(Extracted material)
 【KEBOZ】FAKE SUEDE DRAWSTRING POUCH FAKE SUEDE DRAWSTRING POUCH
(End Extracted material)
(Extracted material)
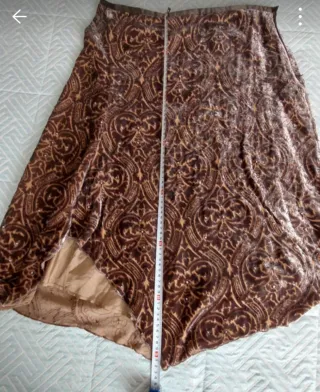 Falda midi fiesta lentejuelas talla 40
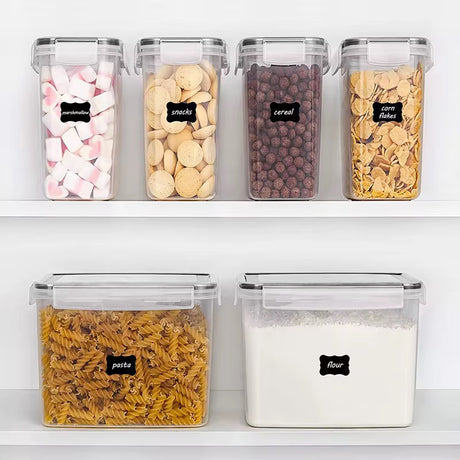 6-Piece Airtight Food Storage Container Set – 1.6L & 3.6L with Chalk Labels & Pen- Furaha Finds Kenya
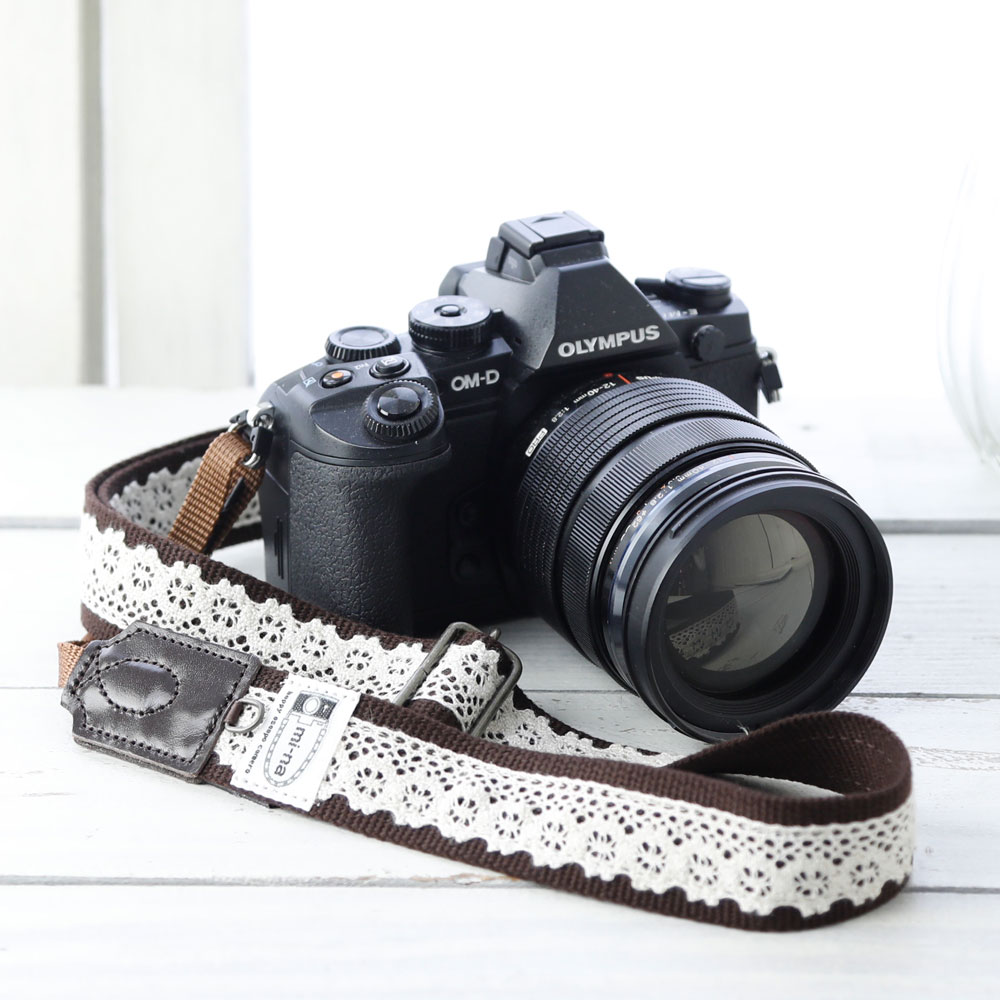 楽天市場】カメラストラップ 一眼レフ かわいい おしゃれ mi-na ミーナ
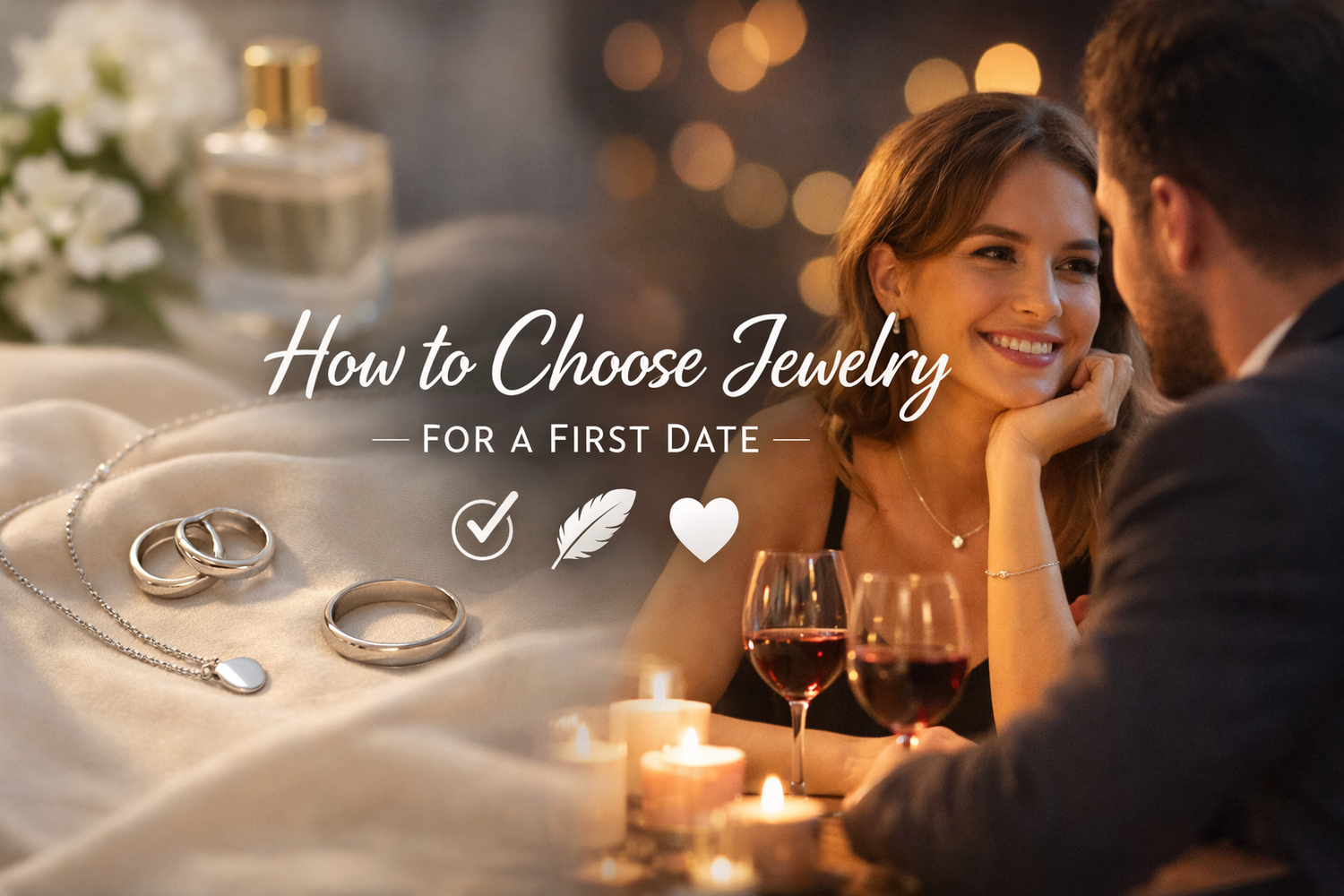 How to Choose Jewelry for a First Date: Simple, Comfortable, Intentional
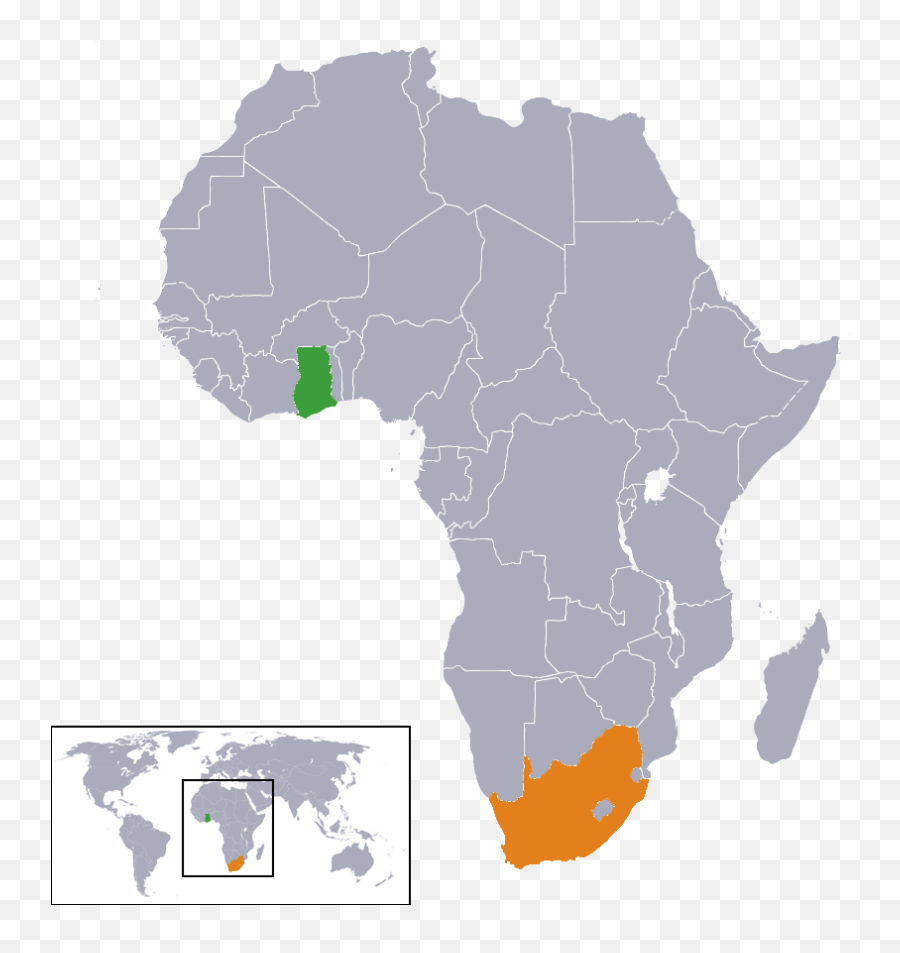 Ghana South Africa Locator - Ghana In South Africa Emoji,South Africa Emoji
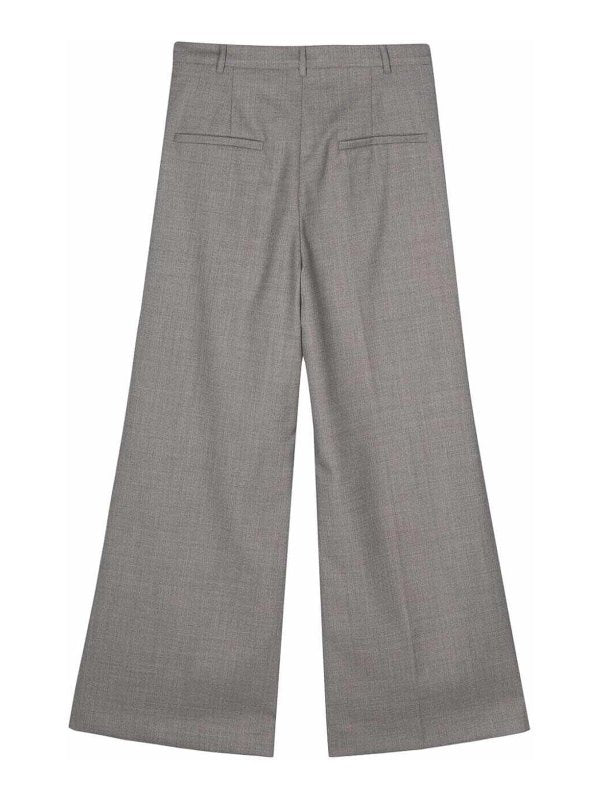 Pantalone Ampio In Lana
(End Extracted material)
■ Exercise instructions
I'd like the lines above repeated exactly, from the one that contains "How to Choose" through the one that contains "Pantalone Ampio In Lana", with no pictures.

■ Exercise solution
 How to Choose Jewelry for a First Date: Simple, Comfortable, Intentional
 Ghana South Africa Locator - Ghana In South Africa Emoji,South Africa Emoji
 Pantalone Ampio In Lana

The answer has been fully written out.